### Task directions
Each line of data below is to be returned exactly, leaving out any picture.

### Supplied information

■ ■ ■

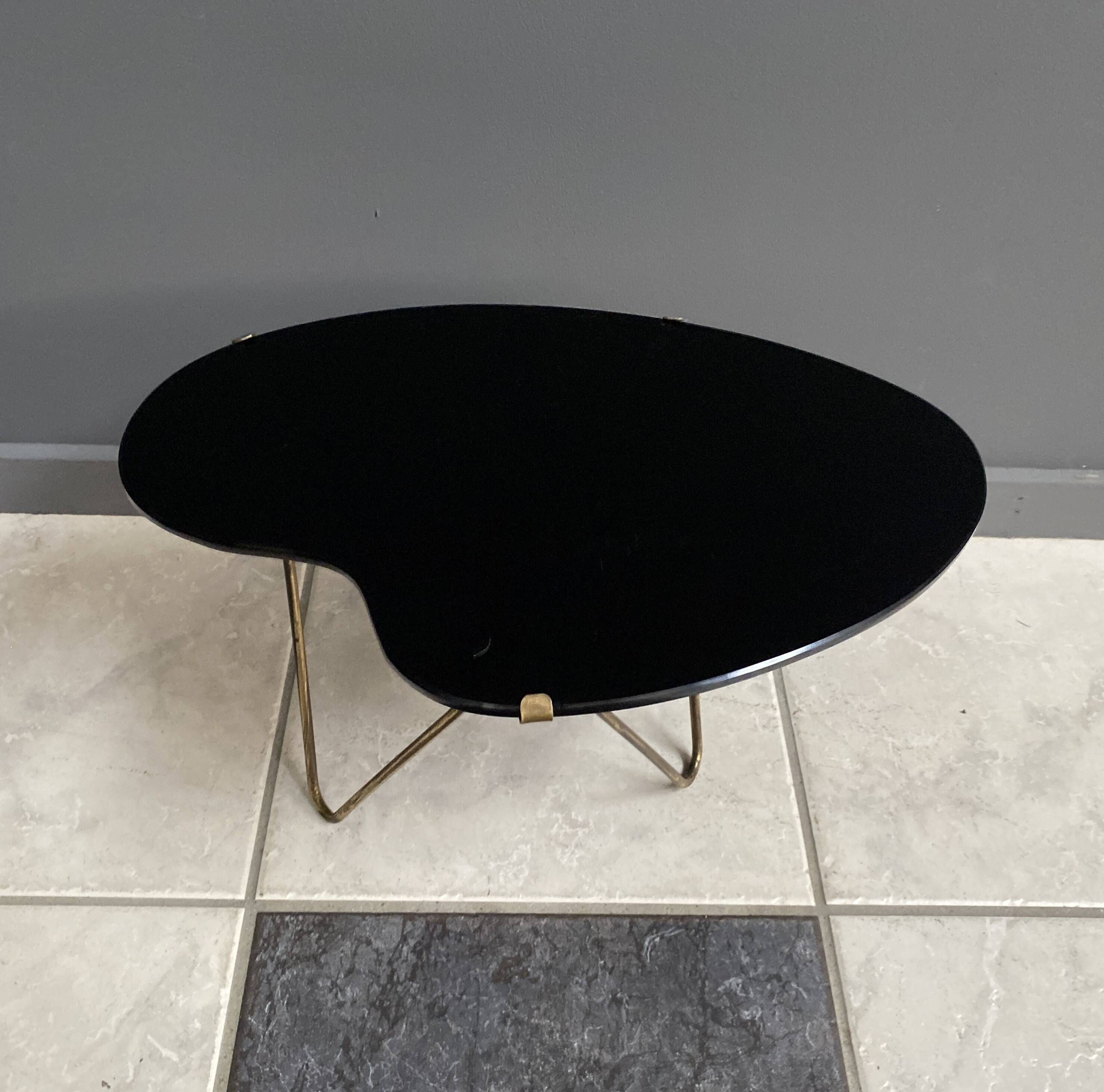 Black Glass kidney shape small side table 1960s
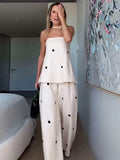 Vevesc  New Dot Print Strapless Zipper Tank Top Sets Women's Elegant Off Shoulder High Waist Wide Leg Long Pants Suit Lady Streetwear
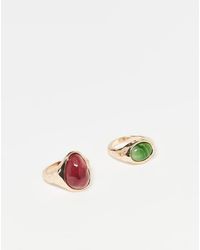ASOS - Set Van 2 Ringen Met Imitatie-Halfedelstenen - Lyst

■ ■ ■

### Solution below
 Black Glass kidney shape small side table 1960s
 Vevesc  New Dot Print Strapless Zipper Tank Top Sets Women's Elegant Off Shoulder High Waist Wide Leg Long Pants Suit Lady Streetwear
ASOS - Set Van 2 Ringen Met Imitatie-Halfedelstenen - Lyst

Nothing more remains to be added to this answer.